[Source data]

----------------------------------------

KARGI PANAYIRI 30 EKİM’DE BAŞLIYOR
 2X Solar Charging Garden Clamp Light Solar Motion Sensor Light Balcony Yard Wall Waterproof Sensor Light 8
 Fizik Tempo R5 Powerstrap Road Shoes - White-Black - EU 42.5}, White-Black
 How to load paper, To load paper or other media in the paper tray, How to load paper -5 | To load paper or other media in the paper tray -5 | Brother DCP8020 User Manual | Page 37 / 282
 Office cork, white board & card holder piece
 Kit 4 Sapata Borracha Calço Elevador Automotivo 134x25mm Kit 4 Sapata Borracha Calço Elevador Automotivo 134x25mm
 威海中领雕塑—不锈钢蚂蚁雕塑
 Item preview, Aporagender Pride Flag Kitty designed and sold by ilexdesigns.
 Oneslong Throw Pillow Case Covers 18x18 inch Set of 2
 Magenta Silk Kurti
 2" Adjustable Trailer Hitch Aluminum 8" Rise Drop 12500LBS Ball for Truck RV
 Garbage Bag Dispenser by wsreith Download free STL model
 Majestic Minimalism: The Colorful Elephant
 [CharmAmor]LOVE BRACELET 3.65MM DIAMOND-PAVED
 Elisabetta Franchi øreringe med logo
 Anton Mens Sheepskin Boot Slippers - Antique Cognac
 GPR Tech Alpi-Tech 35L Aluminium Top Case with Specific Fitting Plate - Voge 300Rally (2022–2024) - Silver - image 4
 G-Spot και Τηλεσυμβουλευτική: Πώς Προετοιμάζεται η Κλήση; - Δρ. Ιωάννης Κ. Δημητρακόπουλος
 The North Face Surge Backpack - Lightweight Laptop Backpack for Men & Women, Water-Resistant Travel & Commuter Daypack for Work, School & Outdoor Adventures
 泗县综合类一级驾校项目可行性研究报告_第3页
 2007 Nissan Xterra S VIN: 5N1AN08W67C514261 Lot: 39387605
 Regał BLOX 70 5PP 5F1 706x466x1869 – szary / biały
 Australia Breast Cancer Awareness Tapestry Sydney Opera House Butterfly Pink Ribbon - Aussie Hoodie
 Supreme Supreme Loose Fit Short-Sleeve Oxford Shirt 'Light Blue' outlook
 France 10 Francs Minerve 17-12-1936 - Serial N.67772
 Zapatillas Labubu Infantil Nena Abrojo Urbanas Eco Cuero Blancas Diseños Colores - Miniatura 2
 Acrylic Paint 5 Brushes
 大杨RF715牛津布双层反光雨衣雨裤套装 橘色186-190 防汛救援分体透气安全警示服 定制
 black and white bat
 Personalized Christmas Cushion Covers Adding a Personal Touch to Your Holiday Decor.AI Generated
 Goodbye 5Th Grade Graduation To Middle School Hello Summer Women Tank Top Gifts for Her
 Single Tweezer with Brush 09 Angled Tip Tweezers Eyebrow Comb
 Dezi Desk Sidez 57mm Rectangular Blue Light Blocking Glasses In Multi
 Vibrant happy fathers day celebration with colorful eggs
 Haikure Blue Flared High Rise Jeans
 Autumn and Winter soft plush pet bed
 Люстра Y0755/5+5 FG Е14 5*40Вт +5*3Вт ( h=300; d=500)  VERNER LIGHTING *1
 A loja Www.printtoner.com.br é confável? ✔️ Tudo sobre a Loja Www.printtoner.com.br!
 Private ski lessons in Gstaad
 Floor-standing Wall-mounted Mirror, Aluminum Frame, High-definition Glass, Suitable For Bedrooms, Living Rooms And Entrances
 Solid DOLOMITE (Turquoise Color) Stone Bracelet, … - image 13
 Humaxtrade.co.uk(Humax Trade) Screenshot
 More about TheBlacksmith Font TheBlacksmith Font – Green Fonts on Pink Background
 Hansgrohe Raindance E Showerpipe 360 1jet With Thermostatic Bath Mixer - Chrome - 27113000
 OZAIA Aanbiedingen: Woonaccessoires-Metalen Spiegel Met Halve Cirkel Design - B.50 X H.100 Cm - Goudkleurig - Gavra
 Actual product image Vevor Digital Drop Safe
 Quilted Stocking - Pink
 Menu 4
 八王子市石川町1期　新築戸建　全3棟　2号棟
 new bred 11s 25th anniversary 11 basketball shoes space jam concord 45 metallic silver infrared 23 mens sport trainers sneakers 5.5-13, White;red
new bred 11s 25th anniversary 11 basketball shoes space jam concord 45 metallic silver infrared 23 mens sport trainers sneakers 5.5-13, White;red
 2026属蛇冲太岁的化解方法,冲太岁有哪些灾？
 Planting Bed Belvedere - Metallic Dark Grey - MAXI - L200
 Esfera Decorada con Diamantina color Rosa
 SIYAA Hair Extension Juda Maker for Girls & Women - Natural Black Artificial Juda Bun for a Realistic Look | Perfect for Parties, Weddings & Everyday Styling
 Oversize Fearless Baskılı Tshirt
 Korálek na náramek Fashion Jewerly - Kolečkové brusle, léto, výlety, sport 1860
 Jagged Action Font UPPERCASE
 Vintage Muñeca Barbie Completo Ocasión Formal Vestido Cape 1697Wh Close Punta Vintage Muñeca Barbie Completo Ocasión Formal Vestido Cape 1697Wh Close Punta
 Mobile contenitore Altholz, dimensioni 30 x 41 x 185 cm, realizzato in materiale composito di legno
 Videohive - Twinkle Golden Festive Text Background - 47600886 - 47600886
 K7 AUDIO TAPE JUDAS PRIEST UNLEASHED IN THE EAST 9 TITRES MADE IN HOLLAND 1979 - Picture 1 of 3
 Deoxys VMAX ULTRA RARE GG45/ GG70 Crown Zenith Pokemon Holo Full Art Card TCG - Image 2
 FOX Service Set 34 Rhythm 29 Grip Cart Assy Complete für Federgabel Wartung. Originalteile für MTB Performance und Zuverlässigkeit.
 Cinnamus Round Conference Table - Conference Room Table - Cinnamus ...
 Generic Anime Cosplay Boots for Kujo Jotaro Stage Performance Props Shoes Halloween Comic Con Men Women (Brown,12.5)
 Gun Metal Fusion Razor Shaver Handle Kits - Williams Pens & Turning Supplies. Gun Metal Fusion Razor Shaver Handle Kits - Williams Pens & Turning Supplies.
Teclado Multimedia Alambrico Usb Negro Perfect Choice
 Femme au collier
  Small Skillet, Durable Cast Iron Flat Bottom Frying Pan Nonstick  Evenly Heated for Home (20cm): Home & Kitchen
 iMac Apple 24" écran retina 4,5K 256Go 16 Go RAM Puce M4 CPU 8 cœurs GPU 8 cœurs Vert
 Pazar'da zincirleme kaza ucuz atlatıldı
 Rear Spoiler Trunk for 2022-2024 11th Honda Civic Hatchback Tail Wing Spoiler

----------------------------------------

### What the exercise asks
Run a filter over the data above and keep each line that contains the word "Font".

### Answer
 More about TheBlacksmith Font TheBlacksmith Font – Green Fonts on Pink Background
 Jagged Action Font UPPERCASE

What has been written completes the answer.